CONCEPT Cited by 1 source

SSD parallelism via targets¶

Definition¶

SSD parallelism via targets is the hardware-level parallelism an SSD gets from having multiple independent NAND flash targets (dies / planes), each wired to the controller via its own dedicated line. Only one page can be in flight per line at a time, so throughput is gated by how evenly the host spreads its I/Os across targets.

Dicken's framing:

"Typically, each target has a dedicated line going from the control unit to the target. This line is what processes reads and writes, and only one page can be communicated by each line at a time. Pages can be communicated on these lines really fast, but it still does take a small slice of time. The organization of data and sequence of reads and writes has a significant impact on how efficiently these lines can be used." (Source: sources/2025-03-13-planetscale-io-devices-and-latency)

Concrete example from the post¶

Write 8 pages to an SSD with 4 targets:

Layout	Slices used	Parallelism
2 pages to each of 4 targets	2	Full (4-way)
All 8 pages to the same target	8	None (3 lines idle)

Dicken: "Notice how only one line was used and it needed to write sequentially. All the other lines sat dormant."

Takeaway: SSD performance is not just a function of the drive spec — it depends on how the host software lays out writes to spread them across targets. Naive engines that stream a single large write into contiguous LBAs may serialise a chunk of it onto one target.
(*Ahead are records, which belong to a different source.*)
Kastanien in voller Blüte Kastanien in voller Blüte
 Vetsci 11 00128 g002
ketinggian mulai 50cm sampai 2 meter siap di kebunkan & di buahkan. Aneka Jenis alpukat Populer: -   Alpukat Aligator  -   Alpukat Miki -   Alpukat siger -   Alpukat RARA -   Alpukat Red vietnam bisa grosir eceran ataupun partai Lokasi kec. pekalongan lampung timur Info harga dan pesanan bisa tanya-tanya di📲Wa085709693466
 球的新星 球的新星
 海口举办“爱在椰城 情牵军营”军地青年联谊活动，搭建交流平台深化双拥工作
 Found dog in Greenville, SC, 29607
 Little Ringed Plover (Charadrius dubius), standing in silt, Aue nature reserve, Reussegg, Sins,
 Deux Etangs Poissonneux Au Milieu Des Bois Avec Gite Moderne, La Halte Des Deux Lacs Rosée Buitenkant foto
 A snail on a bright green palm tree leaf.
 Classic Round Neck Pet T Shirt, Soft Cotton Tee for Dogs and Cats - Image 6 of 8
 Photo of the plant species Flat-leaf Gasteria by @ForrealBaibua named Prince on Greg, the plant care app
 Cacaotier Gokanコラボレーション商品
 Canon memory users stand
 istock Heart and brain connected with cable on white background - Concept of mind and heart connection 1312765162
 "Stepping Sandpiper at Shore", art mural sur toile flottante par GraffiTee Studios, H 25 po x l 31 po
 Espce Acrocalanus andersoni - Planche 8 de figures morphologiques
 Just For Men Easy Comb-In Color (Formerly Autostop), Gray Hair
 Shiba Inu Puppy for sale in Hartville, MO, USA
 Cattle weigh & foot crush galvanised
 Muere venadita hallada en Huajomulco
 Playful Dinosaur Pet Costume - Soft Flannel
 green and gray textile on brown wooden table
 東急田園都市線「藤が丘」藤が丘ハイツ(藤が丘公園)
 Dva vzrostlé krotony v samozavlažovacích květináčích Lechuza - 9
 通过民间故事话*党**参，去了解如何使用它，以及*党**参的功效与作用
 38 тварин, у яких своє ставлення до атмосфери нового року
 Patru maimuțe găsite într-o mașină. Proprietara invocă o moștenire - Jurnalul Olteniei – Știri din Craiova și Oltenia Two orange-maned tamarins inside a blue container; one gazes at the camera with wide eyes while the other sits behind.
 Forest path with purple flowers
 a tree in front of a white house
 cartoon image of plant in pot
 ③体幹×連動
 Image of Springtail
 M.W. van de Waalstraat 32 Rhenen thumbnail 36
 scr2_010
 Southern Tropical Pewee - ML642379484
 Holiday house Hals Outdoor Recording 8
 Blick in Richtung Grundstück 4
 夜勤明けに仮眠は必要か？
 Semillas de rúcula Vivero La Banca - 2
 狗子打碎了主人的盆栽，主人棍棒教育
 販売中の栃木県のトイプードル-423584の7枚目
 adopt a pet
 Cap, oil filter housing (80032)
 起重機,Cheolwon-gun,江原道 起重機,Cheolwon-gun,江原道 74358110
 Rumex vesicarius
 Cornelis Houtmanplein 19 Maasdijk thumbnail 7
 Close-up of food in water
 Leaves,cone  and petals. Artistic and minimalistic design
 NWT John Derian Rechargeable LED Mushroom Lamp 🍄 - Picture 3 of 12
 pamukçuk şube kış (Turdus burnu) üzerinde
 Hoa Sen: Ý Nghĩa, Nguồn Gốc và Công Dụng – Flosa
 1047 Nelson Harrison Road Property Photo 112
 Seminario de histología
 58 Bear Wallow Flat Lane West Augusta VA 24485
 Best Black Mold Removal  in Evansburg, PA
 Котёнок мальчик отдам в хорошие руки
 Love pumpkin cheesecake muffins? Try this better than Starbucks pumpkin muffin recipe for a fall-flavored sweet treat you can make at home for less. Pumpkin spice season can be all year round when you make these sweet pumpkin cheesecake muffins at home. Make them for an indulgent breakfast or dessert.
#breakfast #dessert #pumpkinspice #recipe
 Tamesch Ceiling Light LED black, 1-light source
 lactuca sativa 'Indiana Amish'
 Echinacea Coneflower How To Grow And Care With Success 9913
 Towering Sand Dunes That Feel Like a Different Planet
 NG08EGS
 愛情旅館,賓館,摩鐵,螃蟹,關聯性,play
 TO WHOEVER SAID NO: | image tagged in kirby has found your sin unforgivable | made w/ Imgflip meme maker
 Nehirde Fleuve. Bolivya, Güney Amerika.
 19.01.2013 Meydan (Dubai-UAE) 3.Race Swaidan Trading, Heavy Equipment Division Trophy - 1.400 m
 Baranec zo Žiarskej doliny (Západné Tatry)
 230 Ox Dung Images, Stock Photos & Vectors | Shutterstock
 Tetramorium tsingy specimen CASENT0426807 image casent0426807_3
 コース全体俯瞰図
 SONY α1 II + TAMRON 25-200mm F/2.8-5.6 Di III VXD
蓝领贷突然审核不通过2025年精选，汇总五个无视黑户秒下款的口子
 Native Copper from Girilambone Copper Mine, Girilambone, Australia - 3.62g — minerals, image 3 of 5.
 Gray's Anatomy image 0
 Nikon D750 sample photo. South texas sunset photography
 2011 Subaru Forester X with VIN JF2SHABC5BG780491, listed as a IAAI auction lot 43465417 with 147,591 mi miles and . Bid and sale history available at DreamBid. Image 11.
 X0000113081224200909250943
Where the host can (and can't) see targets¶

NVMe exposes namespaces, not targets. The host sees logical block addresses (LBAs); the flash translation layer (FTL) on the drive maps LBAs to physical pages on specific targets.
The FTL tries to spread LBAs across targets by default for wear leveling + throughput. But sequential large-writes still tend to cluster because the FTL groups them into a single NAND program page first.
Multi-queue NVMe (many host submission/completion queues) lets the host issue many outstanding I/Os in parallel, which gives the FTL more options for spreading them across targets.

Architectural consequences¶

Concurrent workloads benefit naturally. OLTP workloads with many independent transactions spread across LBAs extract most of the available parallelism.
Bulk loads can underperform. A single-threaded bulk INSERT … SELECT writing a long contiguous LBA range may cluster onto a subset of targets. Breaking the load into parallel streams frequently restores throughput.
Queue depth matters. A drive with 16 targets will underperform a queue depth of 1. Real measurements saturate around queue depth 32–64 on consumer NVMe.
Layout is an engine design axis. "Many software engineers don't have to think about this on a day-to-day basis, but those designing software like MySQL need to pay careful attention to what structures data is being stored in and how data is laid out on disk." — Dicken

Relationship to HDD parallelism¶

HDDs have one head per platter surface; a single drive cannot parallelise I/Os at all except by interleaving across (few) heads on a multi-platter drive. Modern drives typically expose NCQ / TCQ (a queue of pending commands) that lets the firmware reorder for seek efficiency — not true parallelism, just scheduling. SSD target-level parallelism is qualitatively different and gives a 4×–16× throughput edge for well-laid-out workloads.

Seen in¶

sources/2025-03-13-planetscale-io-devices-and-latency — canonical teaching example (4 targets, 8 writes, spread vs clustered).